We finally hit the one year mark tomorrow!! It really did fly by. I will admit however, the first 2 months were emotionally difficult. It felt as if time stood still. But time did keep ticking and now we are 12 months closer towards meeting our son. Referral wait times are still increasing but everyone, from our agency to the embassy, is working their behind off in order to provide a more ethical and stronger adoption program. That does not mean that times have been easy. Some days I get sad, some days I get frustrated, but most days I am hopeful and excited. I know in my heart that things will start to stabilize. I see us with an Ethiopian little boy…I see it! I know it will happen, maybe not tomorrow, but it will happen. Why else would God plant this little seed in our hearts?

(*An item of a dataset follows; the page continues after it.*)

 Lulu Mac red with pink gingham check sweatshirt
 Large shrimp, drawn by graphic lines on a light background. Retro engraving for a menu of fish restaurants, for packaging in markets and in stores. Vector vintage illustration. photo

I am anticipating the day when we will meet our son and officially become a family of three. Oh, man I can’t wait for that day to come! To witness such a beautiful miracle unfold before our eyes is going to be life changing. The love that we have for our son keeps growing with every day that goes by. We are and will continue to thank God everyday for walking with us on this incredible journey. Waiting this long for our little boy can only mean that we will forever cherish and love him. That the day when we finally get to hug and kiss him will be even that much sweeter. Once he is with us and we begin to live THAT life, the one with homeworks, school recitals, vacation trips, soccer practice, family dinners..., we will absolutely, no question about it, appreciate every single second of it.
I have never made a prayer request...until now. Will you please pray with us? Pray for the process to start stabilizing. For all of the families that are waiting with us, especially for the ones that have been waiting a lot longer than we have, to feel at peace during this hard wait. For the children to feel loved and protected while THEY wait to be united with their new family. Finally, for the birth families of these children. I can't even imagine what they must be going through. Pray for God to guide them through the most difficult decision that they will ever make in their lives.